# Get composite and hd hdmi out of bolt



## philhu (Apr 11, 2001)

Bolt has hdmi and audio l/r

Can something be done with an hdmi splitter to point one at hd receiver and the other to an hdmi to composite output?

I run all my devices in basement and send to my 2 tv using an 8x2 switcher, but also throw them all out using composite to cable channels 92 100 105 110 115 124

Since there isnt a composite, i cant set it up to work on my other tv units

Help!


----------



## sfhub (Jan 6, 2007)

It is roundabout and shouldn't be necessary, but you might want to get a used TiVo mini to connect with your bolt and use that to output hdmi/component-or-composite.


----------



## philhu (Apr 11, 2001)

The problem with that is the mini will be on a different channel than the bolt.
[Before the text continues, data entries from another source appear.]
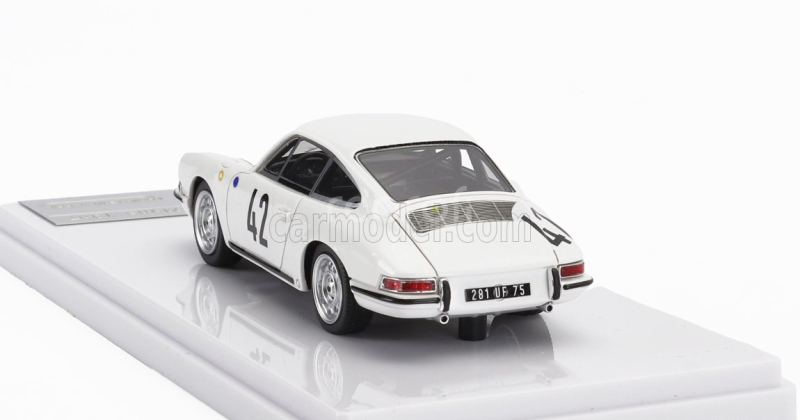 Tecnomodel Porsche 901 911 S Team Auguste Veuillet N 42 24h Le Mans 1967 R.buchet - H.linge 1:43 Bílá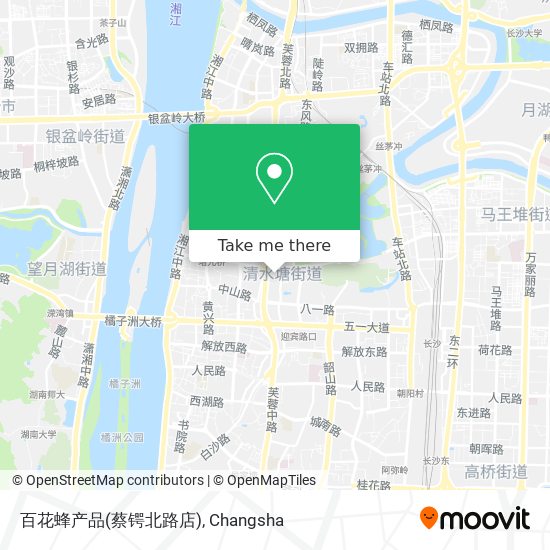 百花蜂产品(蔡锷北路店) map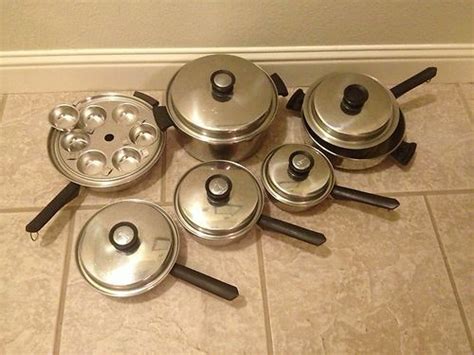 Amway Queen Stainless Steel Cookware 21 Piece Set Made In Usa 415884443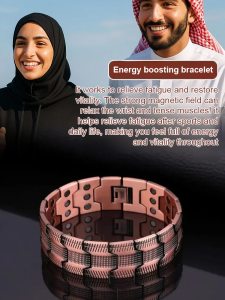 ✨Promote Body Metabolism✨Red Copper Magnetic Therapy Bracelet /Vintage Magnet Bracelet/Negative Ion Energy Copper Magnetic Bracelet Magnet Bracelet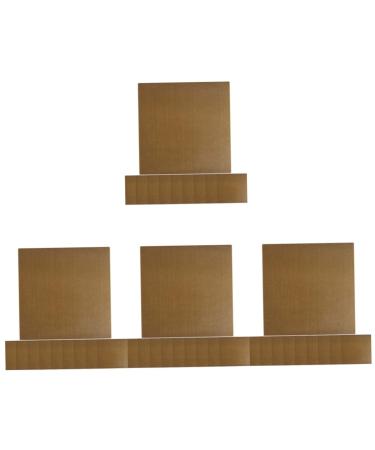 Beatifufu 40 pcs Salon Supplies Mini Straightener Curling Iron Heat Protector As Shownx4pcs 12x10cmx4pcs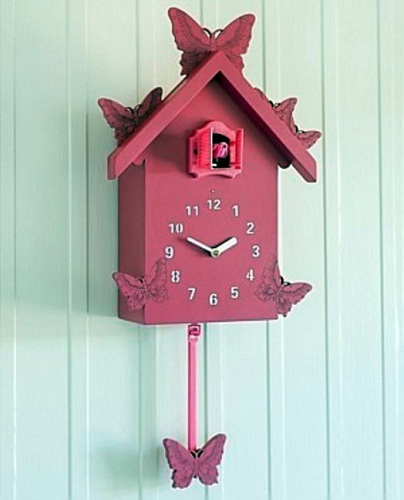 Kierrätettävät vaaleanpunaiset käki -kellot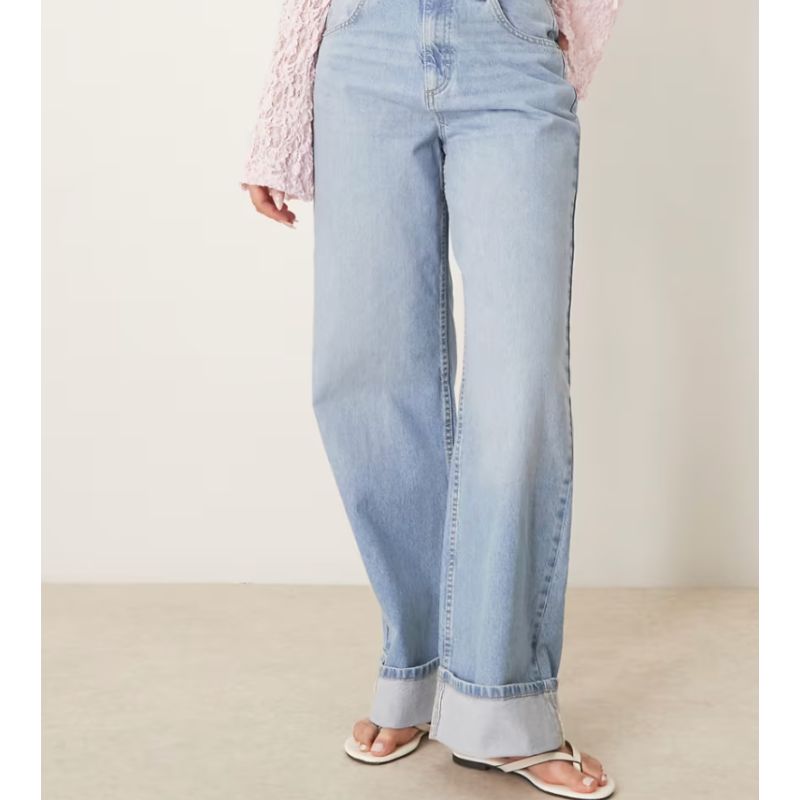 ASOS, Loose Jean with Deep Turn Up Cuff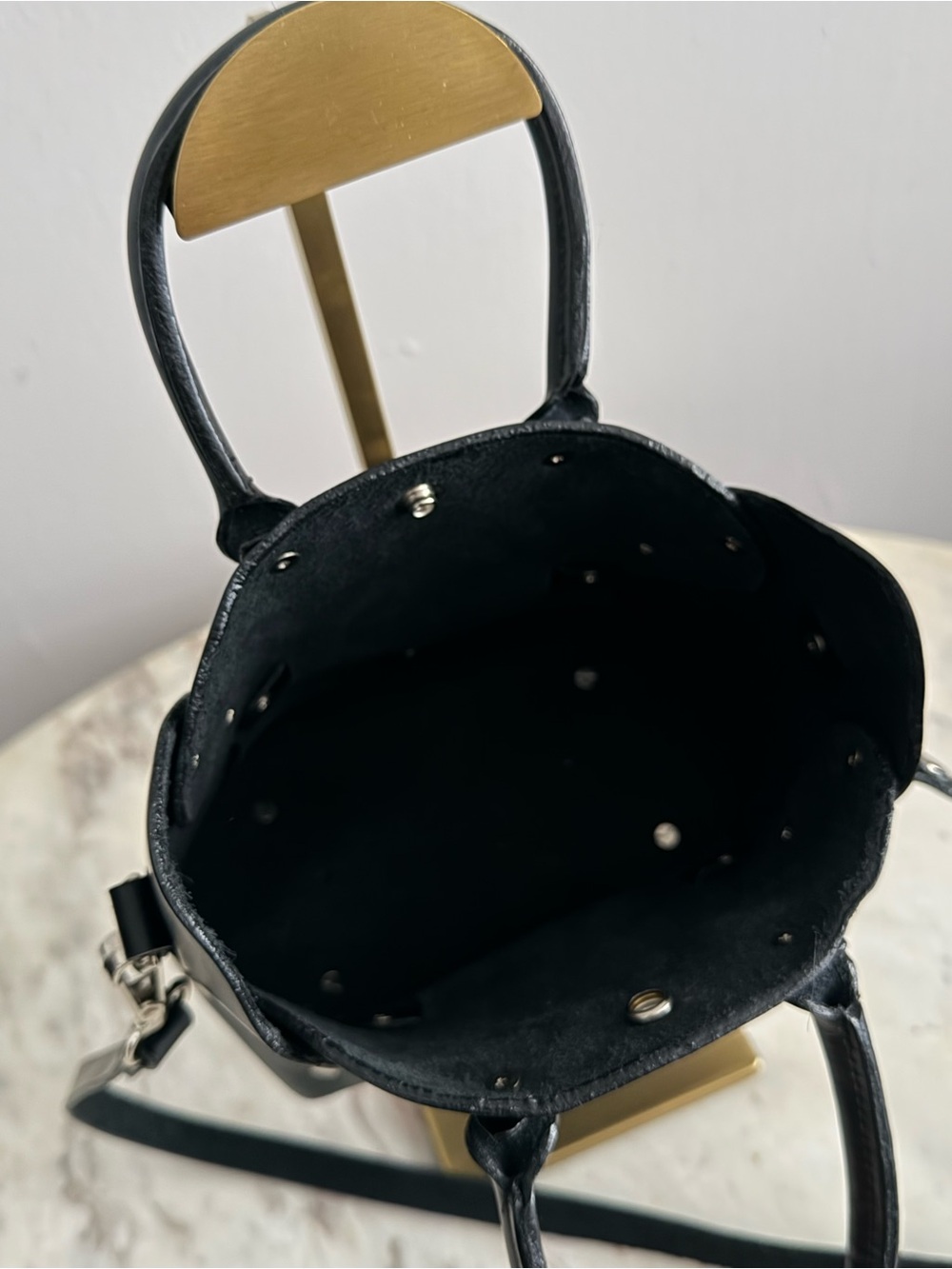 Zana Bayne Mini Pentagram Leather Handbag With Silver Hardware Sexy Statement OS - Picture 11 of 11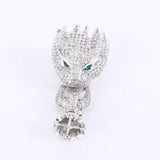 Vintage Zircon Leopard Floating Charms for DIY Jewelry Making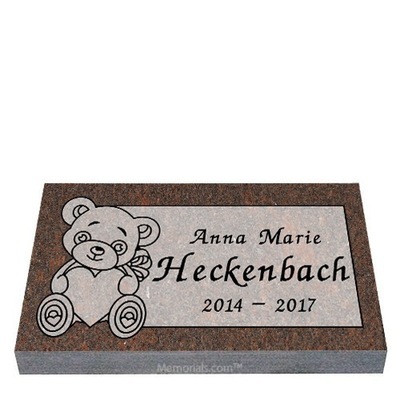 Bear Hug Infant Granite Grave Maker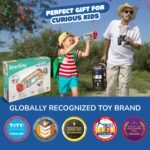 SMARTIVITY Pirate's Telescope DIY STEM Kit | Build-Your-Own Collapsible Telescope for Kids Ages 6+ | 8x Magnification - Image 6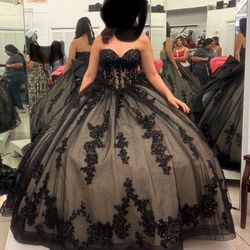 Black Quinceañera Dress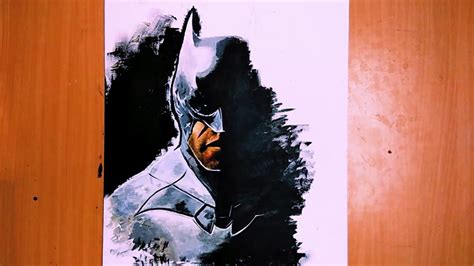My Best Acrylic Painting Till Date Batman Ajmakes Youtube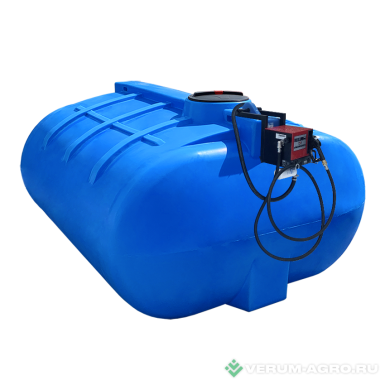 АЗС дизель-бензин - POLYTEAM Стационарная горизонтальная мини-АЗС 5000л (220В) PT-G5000-DT-220V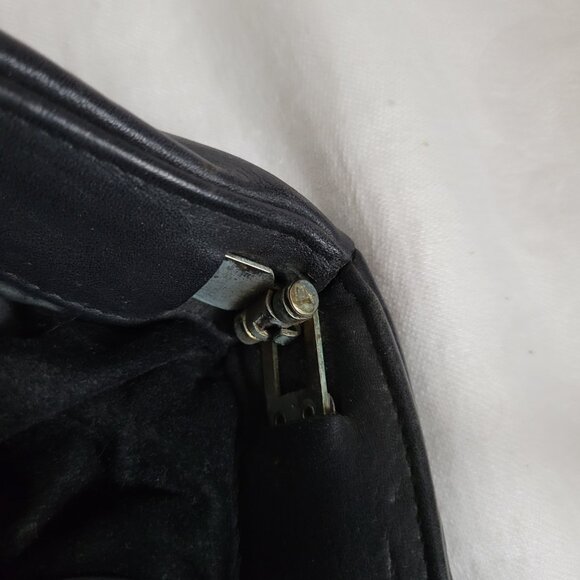 Crossbody Purse BRIE! Black Korea leather? shoulder retro classic timeless chic - Picture 9 of 13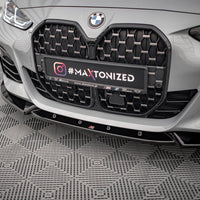 Maxton Design - FRONT SPLITTER V.2 BMW 4 / I4 GRAN COUPE M-PACK / M440I G26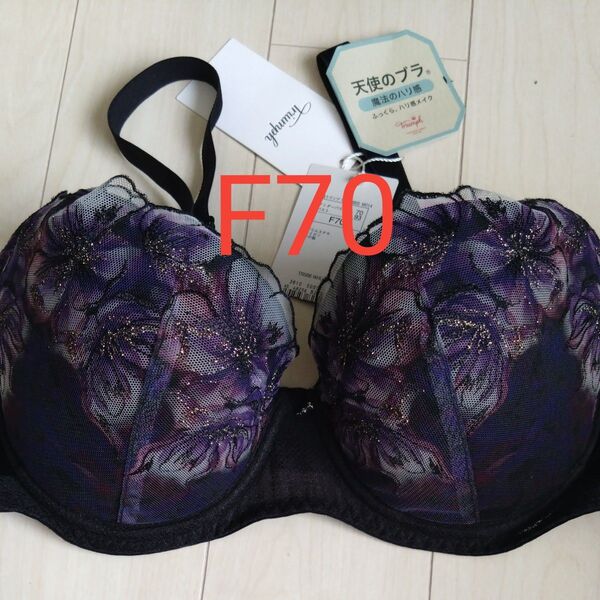 F70 ブラジャー トリンプ 天使のブラ 魔法のハリ感 586
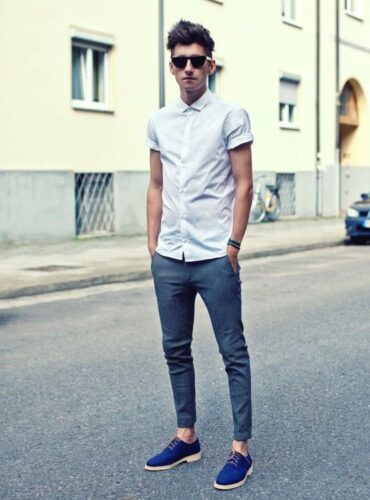 Men Outfits with Blue Jeans-27 Ways to Style Guys Blue Jeans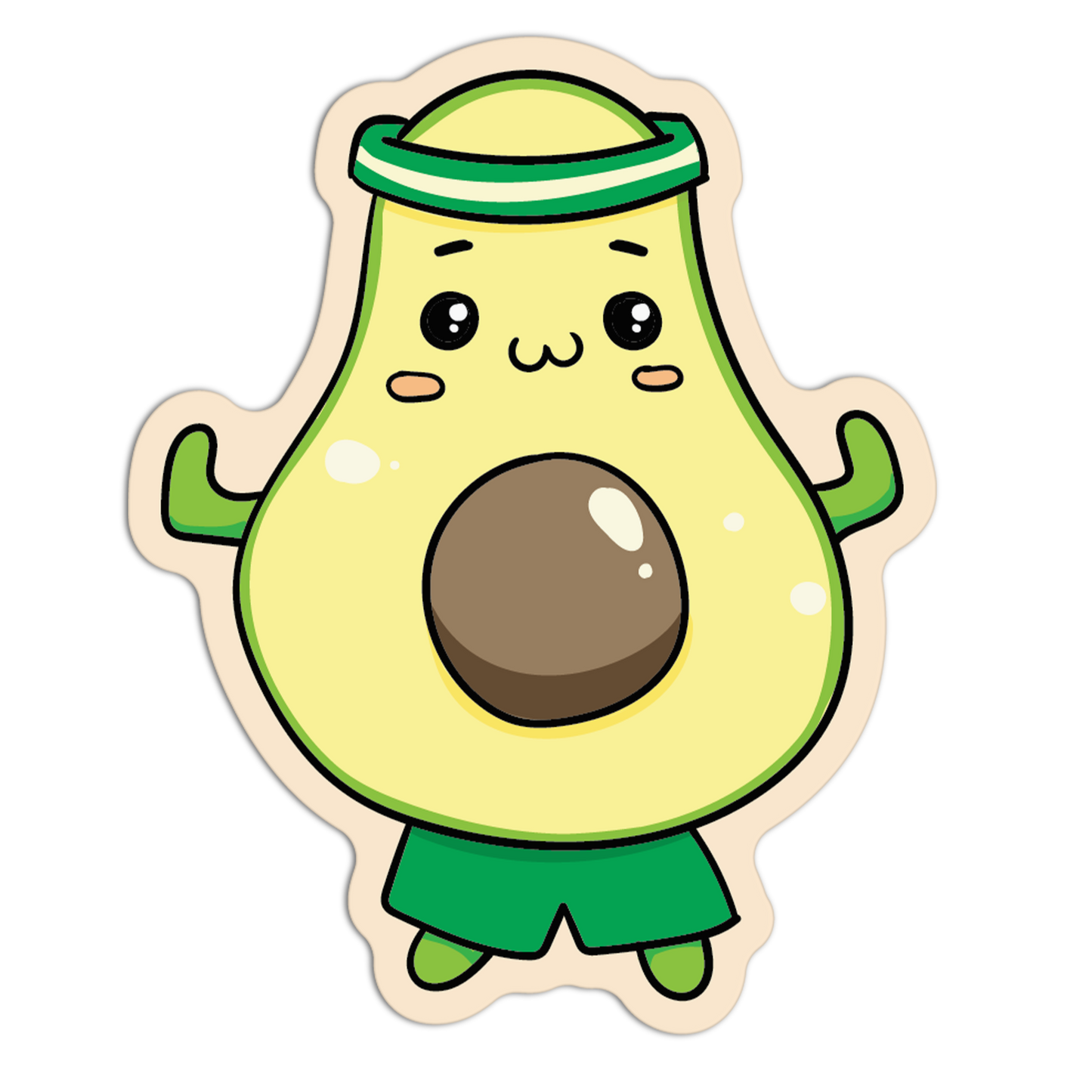 Avocado Cute Fruit Sticker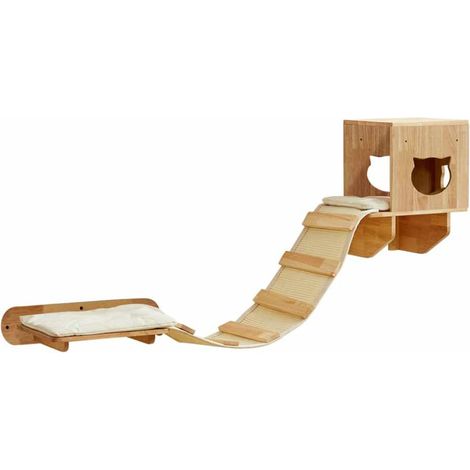 Nobby Kletterelement für Katzen Hängebrücke mit Kuschelhöhle und Plattform Aci (1/2)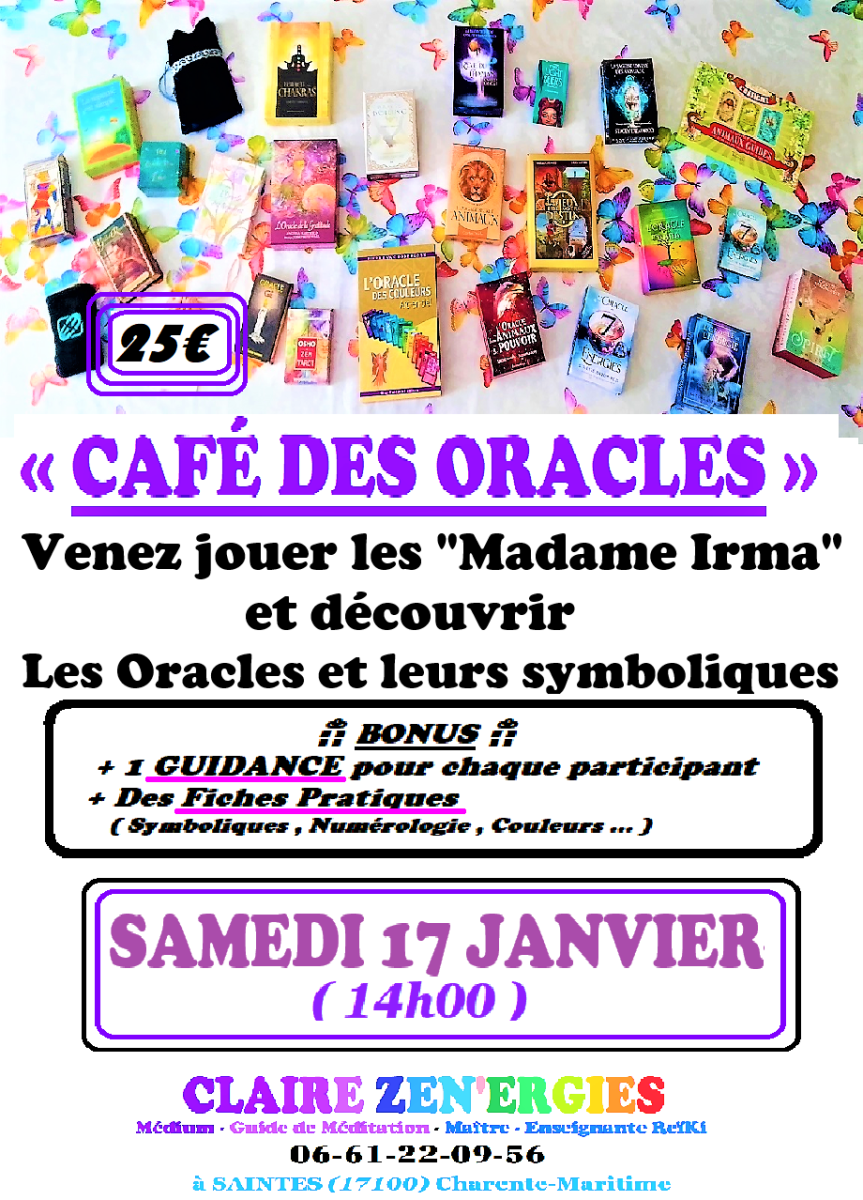 Café des Oracles ( atelier initiation ) + Guid ...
So i would have to setup yet another ir address device on my roomie remote to change channels


----------



## sfhub (Jan 6, 2007)

philhu said:


> The problem with that is the mini will be on a different channel than the bolt. So i would have to setup yet another ir address device on my roomie remote to change channels


Do you even need to connect your Bolt to your AV system? I was suggesting you can stick the bolt anywhere in the house with wired or coax connection and just replace it with the Mini in your AV system. The mini can watch live tv, watch recorded shows, schedule onepasses, do searches, ie most things you normally do. If you need direct control of the bolt, perhaps you stick it in a room that has a monitor or display that takes HDMI and use the RF remote that came with it to control it. I think you might only need direct access to the Bolt to do setup type operations.


----------



## philhu (Apr 11, 2001)

Mini doesnt do 4k or uhd. And is pretty processor strapped


----------



## sfhub (Jan 6, 2007)

If you need 4k out of bolt (rather than using Roku for apps) then I don't know what your options are. You could split, then get some chinese hdcp stripper, then hdmi to composite converter, but I don't think I've seen anything that does HDCP stripping and supports 4k. With all the links in the chain, you might not be happy with the results.


----------



## TonyD79 (Jan 4, 2002)

philhu said:


> Mini doesnt do 4k or uhd. And is pretty processor strapped


The suggested solution was to use the mini for the composite output not the hdmi. I do that for pip.

I do have an hdmi splitter feeding an hdmi to composite adapter on my Roku but I have no idea if that would support 4K since I don't have it.


----------



## Mikeguy (Jul 28, 2005)

TonyD79 said:


> The suggested solution was to use the mini for the composite output not the hdmi.* I do that for pip.*
> 
> I do have an hdmi splitter feeding an hdmi to composite adapter on my Roku but I have no idea if that would support 4K since I don't have it.


Thanks for that suggestion!


----------



## philhu (Apr 11, 2001)

Btw. The viewhd 4k splitter does inadvertently strip hdcp even on 4k


----------



## ej42137 (Feb 16, 2014)

philhu said:


> Btw. The viewhd 4k splitter does inadvertently strip hdcp even on 4k


Read the reviews on Amazon before you buy if you're hoping to strip HDCP from HDMI 2.2.


----------



## philhu (Apr 11, 2001)

It works fine for me. Split 4k one side. Composite from hdmi other side. Works fine using the viewhd 4k splitter


----------



## ADent (Jan 7, 2000)

Which splitter did you get? The VHD-Pluto that is $18+shipping? Or VHD-0102N for $30?
Neither seem to support 4Kx60.

For completeness which HDMI to composite?


----------



## philhu (Apr 11, 2001)

Right. Pluto. [email protected]

Works for now since i send the signal from basement to upstairs tv usibg ethernet

A year from now. Ill readdress as new products come out


----------